# NBA Game Ratings
#### Developed by Dan McDonough
#### February 8, 2021

The purpose of this notebook is to answer the question: "What's the best NBA game on TV right now?"

I often asked myself this question during grad school when I would throw on some league pass in the background while completing work.

I hope you find this notebook helpful in answering this question or offering ideas for pulling together NBA data.

## 1. Simulate Model of Random Game Scenarios

To start, I needed a way to rate games based on their watchability. The approach I decided on was to simulate various game scenarios and then manually rate them to create a labeled data set to model. I choose this route rather than developing a rule set, because I wanted the model to attempt to learn my subjective preferences and predict them for future game situations.

In [1]:
import requests
from bs4 import BeautifulSoup
import pandas as pd
import numpy as np
import random
from scipy.stats import binom
from scipy.stats import norm
import statsmodels.api as sm
import warnings
warnings.filterwarnings("ignore")
import time
from IPython.display import clear_output
import datetime

I choose to simulate game scenarios with various time remaining, scoring margins, and quality of matchup. What I envisioned for matchup grades are:

A - Both teams are playoff teams
<br> B - One team is a playoff team, the other is a playoff contender
<br> C - Both teams are playoff contenders
<br> D - One team is a playoff contender the other is tanking
<br> E - Both teams are tanking

In [2]:
np.random.seed(0)
minutes = np.random.randint(0,48,100)

# I used the mean and standard deviation of historical point spread data to simulate lead
np.random.seed(0)
lead = abs(np.random.normal(3.09,6.43,100).round())

# I wanted to express matchup as an ordinal scale rather than an interval scale so I made this a categorical variable
np.random.seed(0)
matchup_dict = {1:'A',2:'B',3:'C',4:'D',5:'E'}
matchups = pd.Series(np.random.randint(1,6,100)).apply(lambda x: matchup_dict[x])

sim_df = pd.DataFrame({'Matchup':matchups,'Minutes':minutes,'Lead':lead})

For my rankings, these are admittedly (and intentionally) subjective.
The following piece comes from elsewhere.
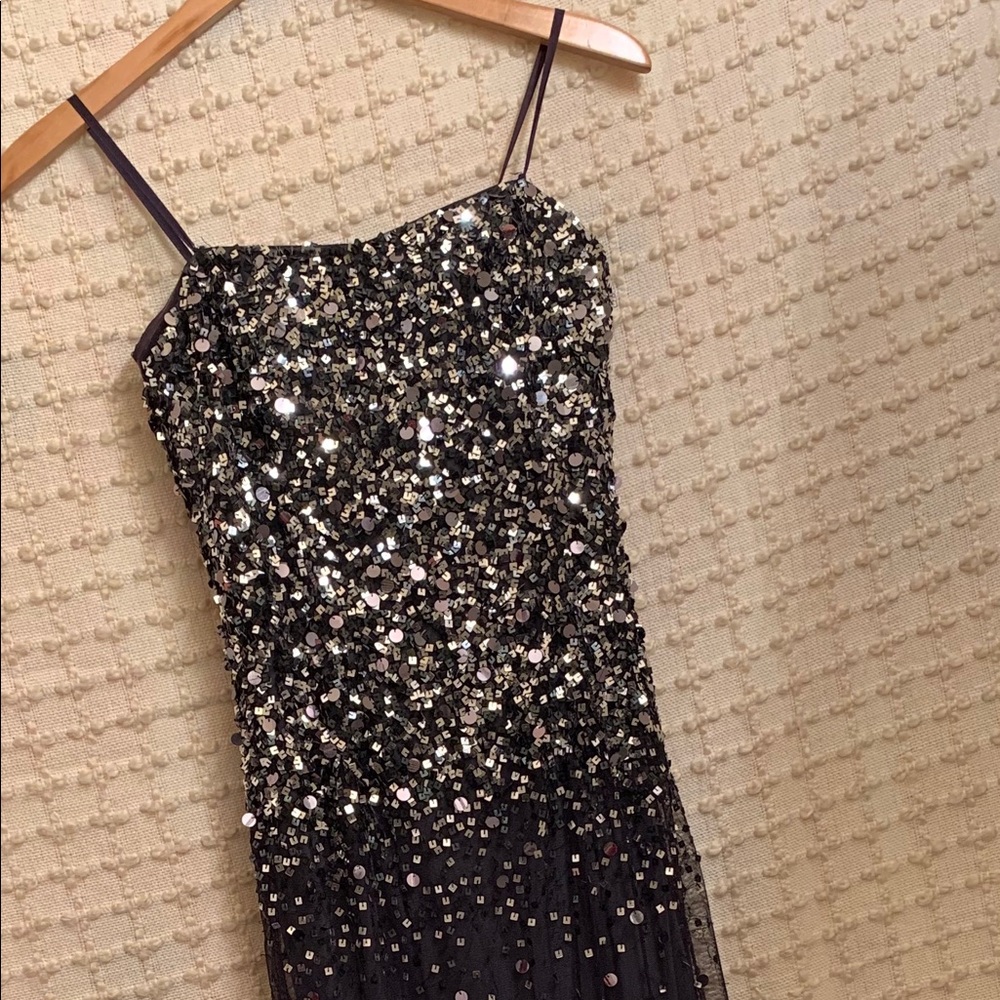 Adrienna Pappel Navy/Sequin Long Ballgown Size 4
Here is what I had in mind with my ratings:

5 - You should probably stop second-screening and watch the game
<br> 4 - This is a good game worth watching
<br> 3 - Ok
<br> 2 - Not great
<br> 1 - This really isn't worth having on, go throw on some music instead

In [3]:
ratings = pd.Series([
1,3,3,1,1,3,3,4,2,4,
4,2,4,4,5,5,2,3,4,1,
1,4,1,4,1,3,5,4,1,1,
3,3,5,3,3,4,2,1,2,2,
3,1,3,2,4,1,5,1,3,2,
4,3,5,5,3,5,3,3,2,2,
5,1,3,1,5,5,3,1,1,1,
3,1,1,1,5,2,4,3,1,4,
5,4,5,5,1,1,4,3,1,3,
4,1,3,3,4,4,4,2,3,2])

sim_df = pd.concat([sim_df,ratings],axis=1)
sim_df.columns = ['Matchup','Minutes','Lead','Rating']
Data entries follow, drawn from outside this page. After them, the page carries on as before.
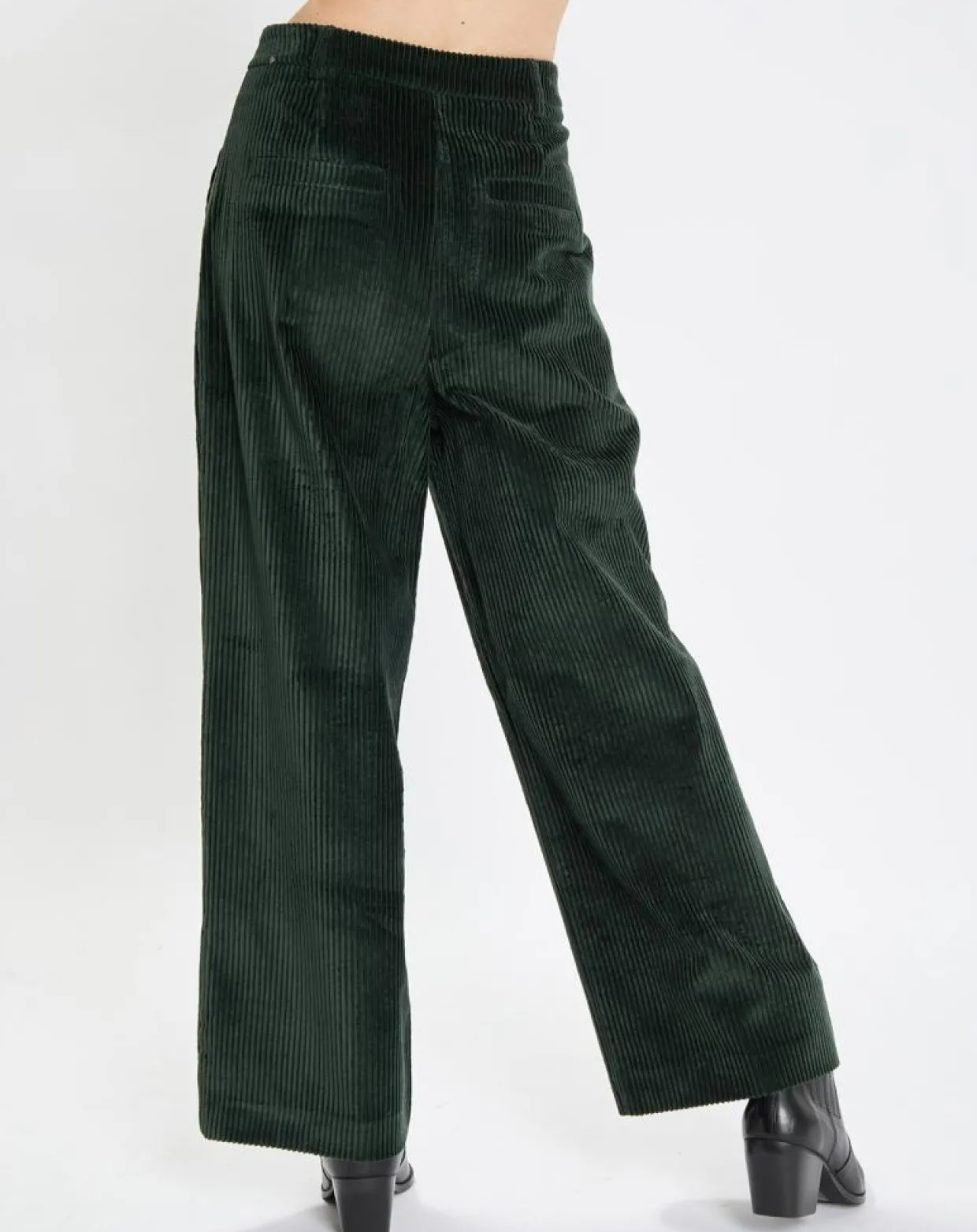 Femme Marc O'Polo Pantalons^Pantalon large en Velours côtelé à revers vert foncé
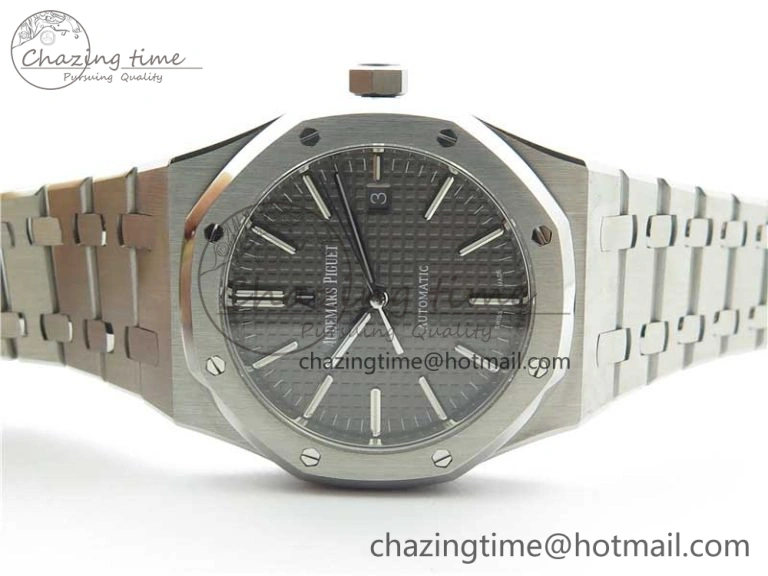 Royal Oak 41mm 15400 SS ZF 1:1 Best Edition Gray Textured Dial on SS Bracelet A3120 (Free Box)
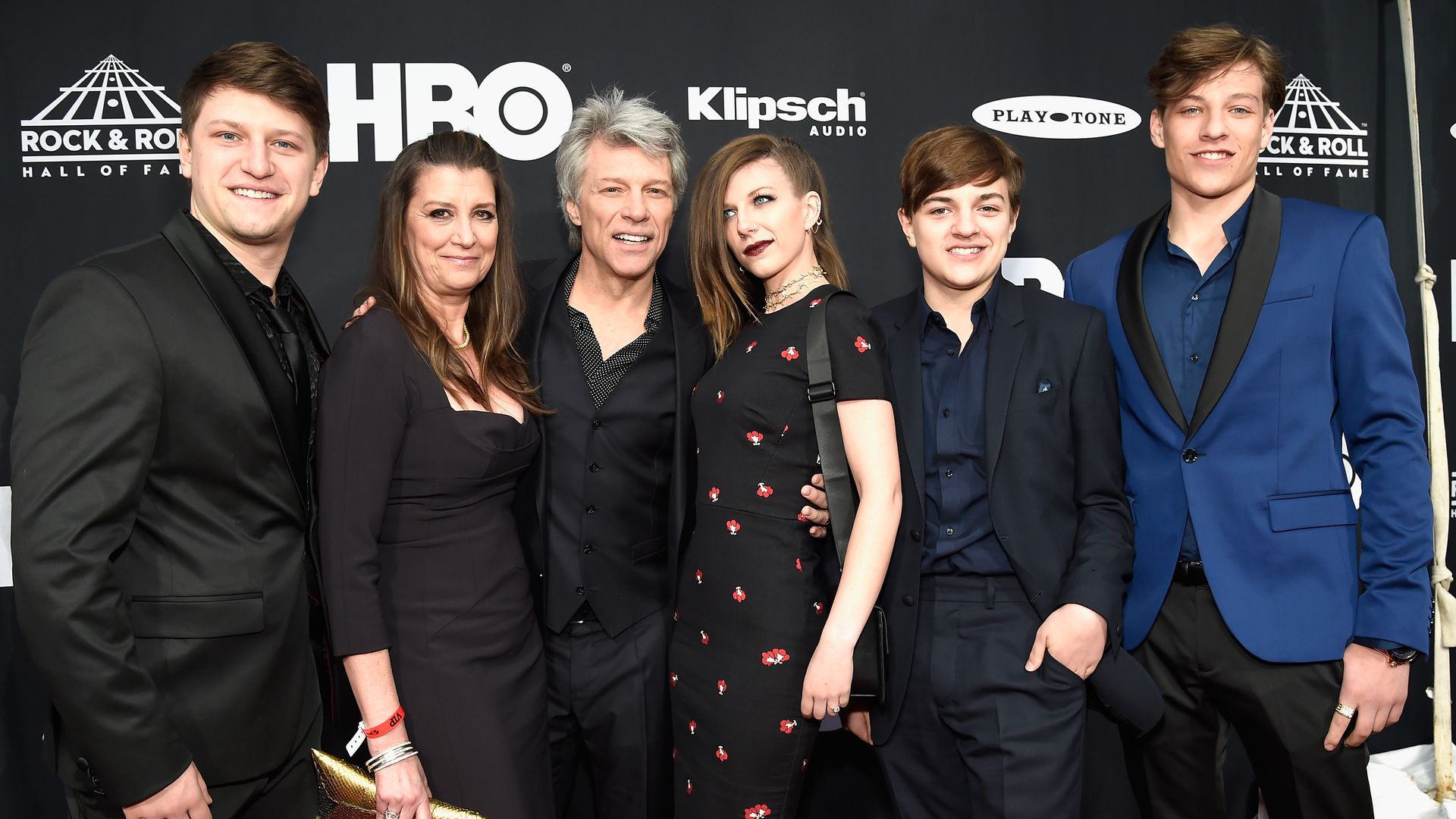 Inductee Jon Bon Jovi and family attend the 33rd Annual Rock & Roll Hall of Fame Induction Ceremony at Public Auditorium on April 14, 2018 in Cleveland, Ohio.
def model_prep(model_df, train_df=None):
    # add an interaction term between minutes and lead
    model_df['Min_Lead'] = model_df['Minutes'] * model_df['Lead']

    # dummy matchups and normalize numeric variables
    if train_df is None:
        model_df = pd.concat([pd.get_dummies(model_df['Matchup']),model_df[['Minutes','Lead','Min_Lead']]],axis=1)
        for column in ['Minutes','Lead','Min_Lead']:
            model_df[column] = (model_df[column] - model_df[column].mean())/model_df[column].std()
            
    else:
        # need alternate way to dummy matchups
        dummy_df = pd.get_dummies(model_df['Matchup'])
        for letter in ['A','B','C','D','E']:
            if letter in dummy_df.columns:
                pass
            else:
                dummy_df[letter] = 0
        
        
        model_df = pd.concat([dummy_df,model_df[['Minutes','Lead','Min_Lead']]],axis=1)
        for column in ['Minutes','Lead','Min_Lead']:
            model_df[column] = (model_df[column] - train_df[column].mean())/train_df[column].std()
            
    return model_df

sim_df_x = model_prep(sim_df)

Adding an interaction term between minutes and lead helped improve adjusted R-squared

In [4]:
lm = sm.OLS(sim_df['Rating'],sm.add_constant(sim_df_x)).fit()
print(lm.summary())

# Calculating min/max of predicted train values so I can later normalize predictions to a ten-point scale
maxval = lm.predict().max()
minval = lm.predict().min()

                            OLS Regression Results                            
Dep. Variable:                 Rating   R-squared:                       0.783
Model:                            OLS   Adj. R-squared:                  0.766
Method:                 Least Squares   F-statistic:                     47.30
Date:                Mon, 08 Feb 2021   Prob (F-statistic):           8.57e-28
Time:                        21:03:43   Log-Likelihood:                -98.928
No. Observations:                 100   AIC:                             213.9
Df Residuals:                      92   BIC:                             234.7
Df Model:                           7                                         
Covariance Type:            nonrobust                                         
                 coef    std err          t      P>|t|      [0.025      0.975]
------------------------------------------------------------------------------
const          2.3798      0.057     41.893      0.0

## 2. Compile Team Data

In order to grade the quality of the matchup, I need to pull current standings data to assess playoff probabilities.

In [5]:
# pull standings from basketball reference
url = "https://www.basketball-reference.com/leagues/NBA_2021_standings.html"
response = requests.get(url)
soup = BeautifulSoup(response.text, "html.parser")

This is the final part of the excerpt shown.